--- Dataset extract ---

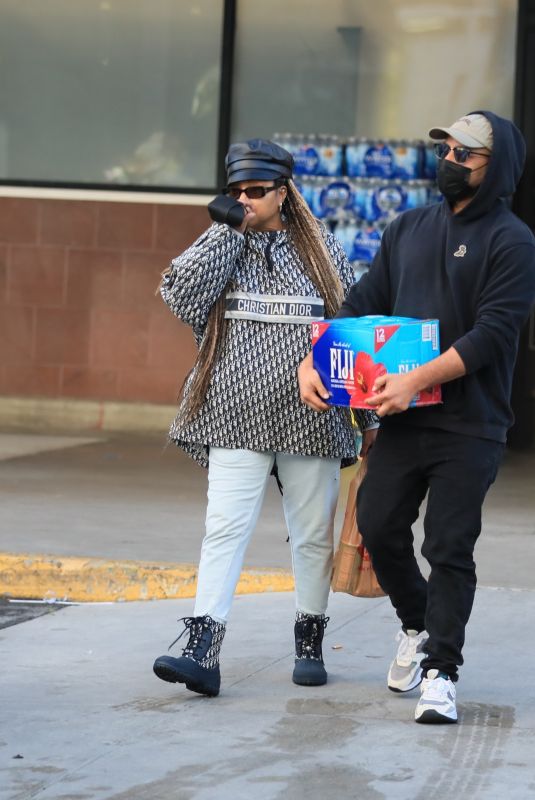 TARAJI P. HENSON Shopping at Sprouts Farmers Market and Ralphs Grocery in Hollywood 12/31/2023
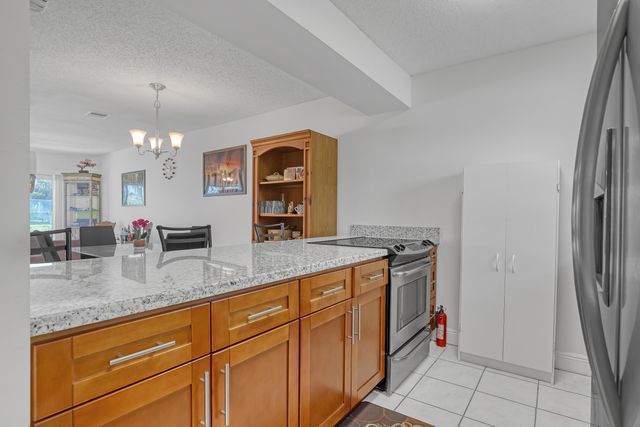 4707 Pier Drive, Greenacres, FL 33463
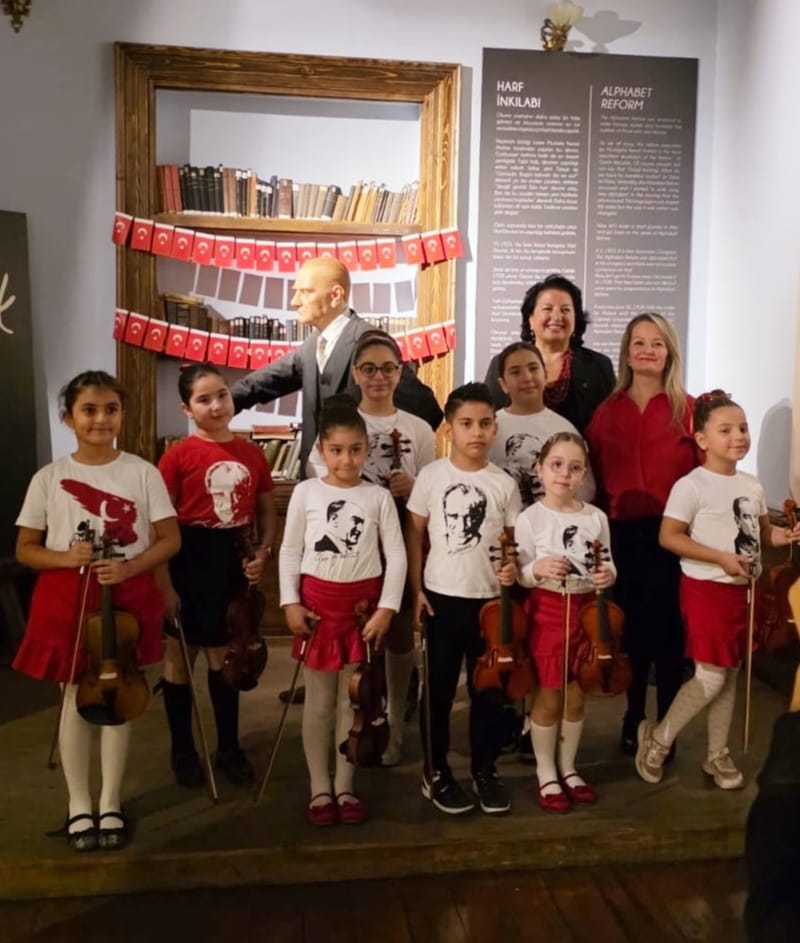 SELLUKA KÜLTÜR SANAT DERNEĞİ’NDEN CUMHURİYET BAYRAMI VE 10 KASIM’A ÖZEL ETKİNLİK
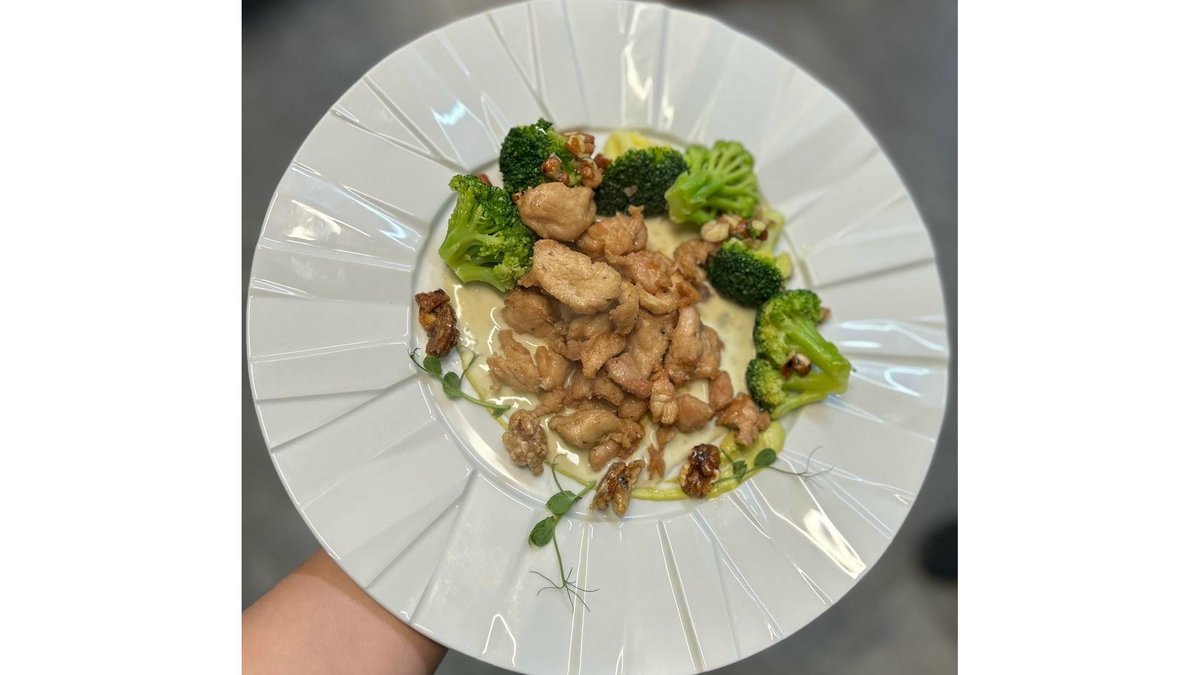 Piept de Curcan pe pat din sos de Gorgonzola and Nuci caramelizate / Broccoli sote / Migdale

---

Retype each line above exactly and leave out any picture.

◆ Result of this exercise:
 TARAJI P. HENSON Shopping at Sprouts Farmers Market and Ralphs Grocery in Hollywood 12/31/2023
 4707 Pier Drive, Greenacres, FL 33463
 SELLUKA KÜLTÜR SANAT DERNEĞİ’NDEN CUMHURİYET BAYRAMI VE 10 KASIM’A ÖZEL ETKİNLİK
 Piept de Curcan pe pat din sos de Gorgonzola and Nuci caramelizate / Broccoli sote / Migdale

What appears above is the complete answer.